Highlights
- Convalescent plasma therapy (CPT), blood from recovered patients, has been one of the weapons of choice in treating severe COVID-19 cases
- 3 recent studies show on the efficacy of CPT
- Its efficacy depends on the patient’s age
- A Dubai study shows a critical factor is giving it early enough
DUBAI: Scientists are debating the benefits of convalescent plasma therapy (CPT) on COVID-19 patients.
While the world awaits a good vaccine, CPT has become one of clinicians’ weapons of choice since the start of out of SARS-CoV-2, the virus behind COVID-19.
Historically, CPT has shown potency. It’s been used in major outbreaks since the early 20th century. It was credited for reducing deaths during the 1918 “Spanish Flu”, 2003 SARS, and 2009 influenza H1N1 pandemics.
Last resort
The use of CPT is part of immunotherapy (prevention or treatment of disease with substances that stimulate the immune response). A vaccine is another example of immunotherapy. But it’s not available just yet, though many vaccine trials are ongoing.
Against COVID-19, CPT has been used as a last resort, specially in treating severely-ill patients. It is thought that virus-specific antibodies in convalescent plasma improve survival rate of patients with serious cases.
Previous reports have shown treatment with CPT from recovered patients reduces hospital stay and mortality.
But does CPT really work on COVID-19?
The quick answer: Yes and No.
Key points:
One study conducted in China and published in Chest this month reported four critically-ill patients survived, which doctors attributed to CPT.
Moreover, several case series of CPT use in patients with COVID-19 have shown a possible benefit, according to Jama.
The UAE has used CPT to successfully treat severely ill COVID-19 patients.
US FDA has approved the use of CPT as an “investigational drug”.
Historical precedents
CPT has been used as a treatment option for COVID-19 in many parts of the world. This is mostly due to good historical precedents and the absence of knock-out SARS-CoV-2 (severe acute respiratory disease coronavirus 2) antivirals at the moment.
Most published CPT studies on these diseases, however, were case series and “retrospective” comparisons of treated and non-treated individuals. These studies, however, were “uncontrolled”, accusing to Jama. Therefore, CPT’s efficacy in critically-ill patients with SARS- CoV-2 infection remains unclear.
Here’s what the current published clinical data, and preliminary studies show:
1. Randomised trial (truncated): Inconclusive result
In this trial, CPT showed no effect on elderly (mean age: 70) with severe COVID-19 during the 28-day study of 103 patients.
The trial results, published in the Journal of American Medical Association (Jama), states that CPT has "no statistically significant therapeutic effect" on patients with severe cases, especially for older patients.
The study, however, was significant: It was first randomised CPT clinical trial during an active epidemic for patients with COVID-19, reported Jama. It also used well-characterized plasma units with ”a high titer of antibody to SARS-CoV-2”. It means the plasma used on patients was robust.
“It was an important accomplishment to conduct a carefully controlled trial during a pandemic with an entirely new highly contagious disease that stressed health systems in an unprecedented way,” the journal noted.
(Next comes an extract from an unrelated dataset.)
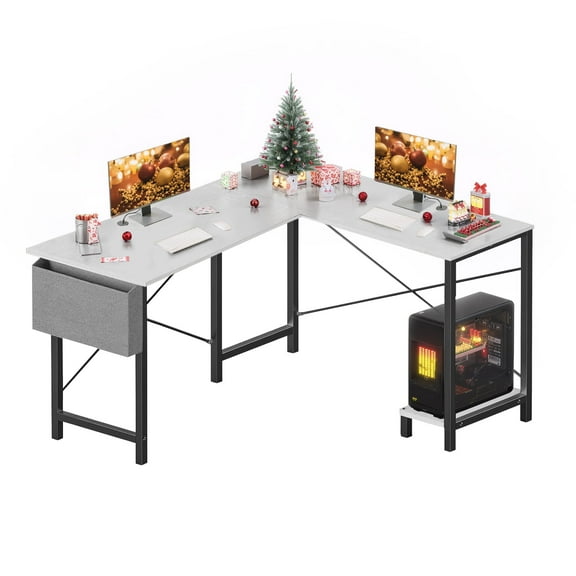 Atilioo Reversible L Shaped Desk, 50 Inch Corner Computer Desk for Small Space, Home Office Study Table with CPU Stand and Storage Bag, White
The results, published on June 3, 2020.
One group — the experimental group — has the intervention (new treatment) being assessed, while the other — called the "control" group — has an alternative condition, such as a placebo or no intervention.
Study flaw
The study, however, had one major flaw. It aimed to enroll 200 patients, but was ended with only 103 patients (randomisation was stratified by disease severity).
The reason: new cases were unavailable for inclusion because the COVID-19 outbreak in China was being contained. In short, the trial was stopped halfway through planned enrollees. One outcome from this study was that it’s “underpowered”, Jama stated.
The 103 patients were randomised, with median age of 70 years. The study included 60 male (58.3%), and 101 (98.1%) completed the trial.
The research team was led by Dr Ling Li of the Institute of Blood Transfusion, CAMS and Peking Union Medical College, in Chengdu, and Dr Wei Zhang, of Guanggu District Maternal and Child Health Hospital of Hubei Province, in Wuhan.
There’s one significant result in this study: Clinical improvement occurred within 28 days in 51.9% (27/52) of the convalescent plasma group — against 43.1% (22/51) in the control group — an 8.8% difference.
Among those with severe COVID-19 infections, the primary outcome occurred in 91.3% (21/23) of the convalescent plasma group — against 68.2% (15/22) of the control group — a 23.1% difference.
Among those with life-threatening COVID-19, the primary outcome occurred in 20.7% (6/29) of the convalescent plasma group versus 24.1% (7/29) of the control group.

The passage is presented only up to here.